Przypomnijmy. Marcin i Łukasz Szczęśniak 19 stycznia wyjechali do pracy do Włoch. Wysłała ich tam lubińska firma, w której byli zatrudnieni. Mieli montować nową linię produkcyjną w jednej z fabryk w Riardo. Po drodze zostali jednak napadnięci i nie dojechali do celu. Starszemu z braci udało się uciec, dotarł do ambasady polskiej we Włoszech i szczęśliwie wrócił do domu. Młodszy Marcin zaginął, a po tygodniu włoska policja odnalazła jego zwłoki w jeziorze niedaleko Neapolu.

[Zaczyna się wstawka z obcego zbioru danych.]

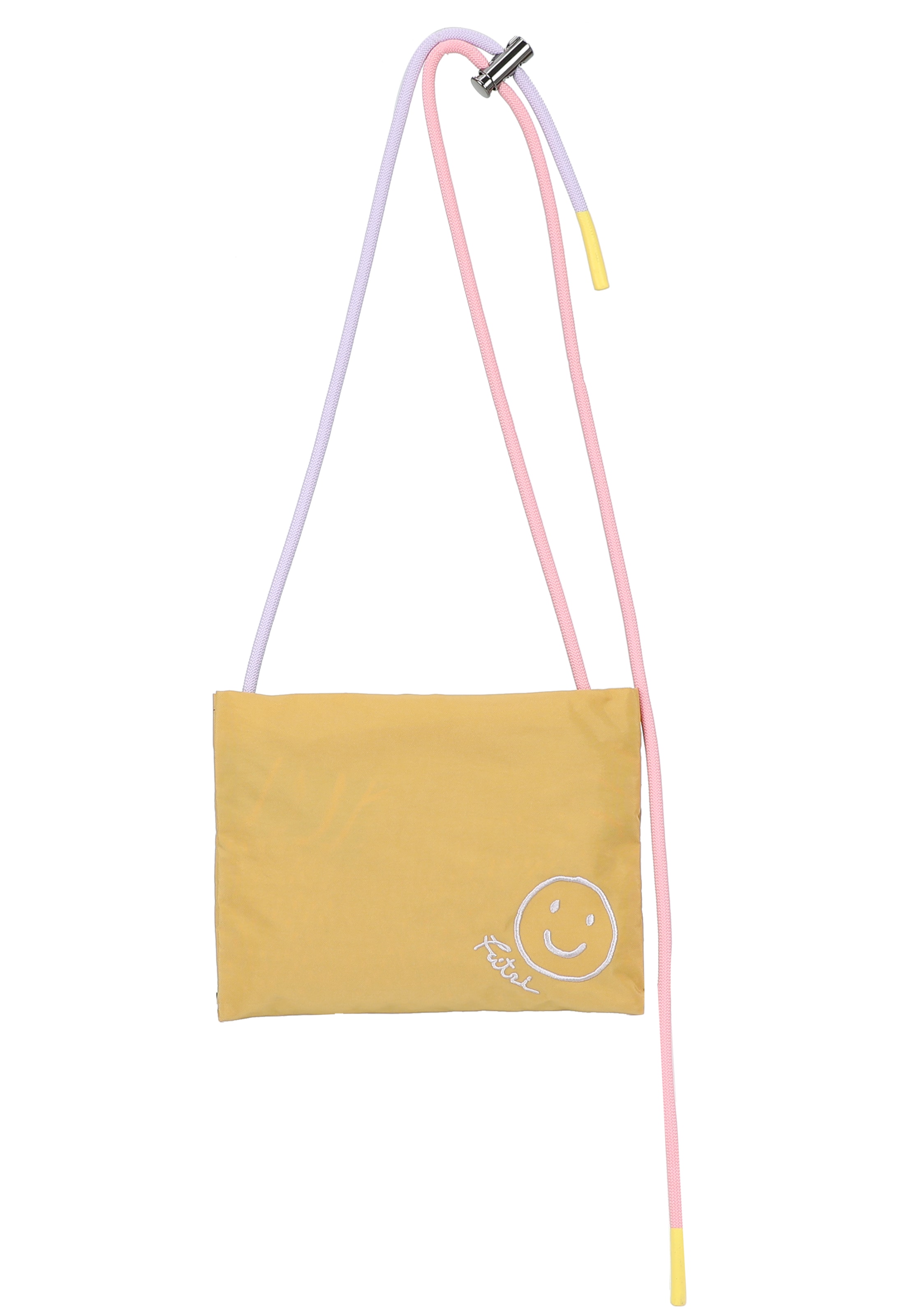 Fritzi aus Preußen Shoulder Bag in Yellow: front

Obecnie trwa oczekiwanie na wyniki sekcji zwłok Marcina.
– Zgodnie z procedurą lekarz sądowy ma 50 dni na ich ogłoszenie – wyjaśnia Jerzy Adamczyk, kierownik Wydziału Konsularnego Ambasady Polski w Rzymie.
Włoska policja wszczęła też postępowanie w tej sprawie. Narazie nie ma jednak informacji, które stanowiłyby o wyjaśmieniu śledztwa.
– Jako konsulat nie uzyskaliśmy od policji żadnych nowych informacji – dodaje Adamczyk.
Rodzina i przyjaciele zmarłego chłopca pogrążyli się w żałobie.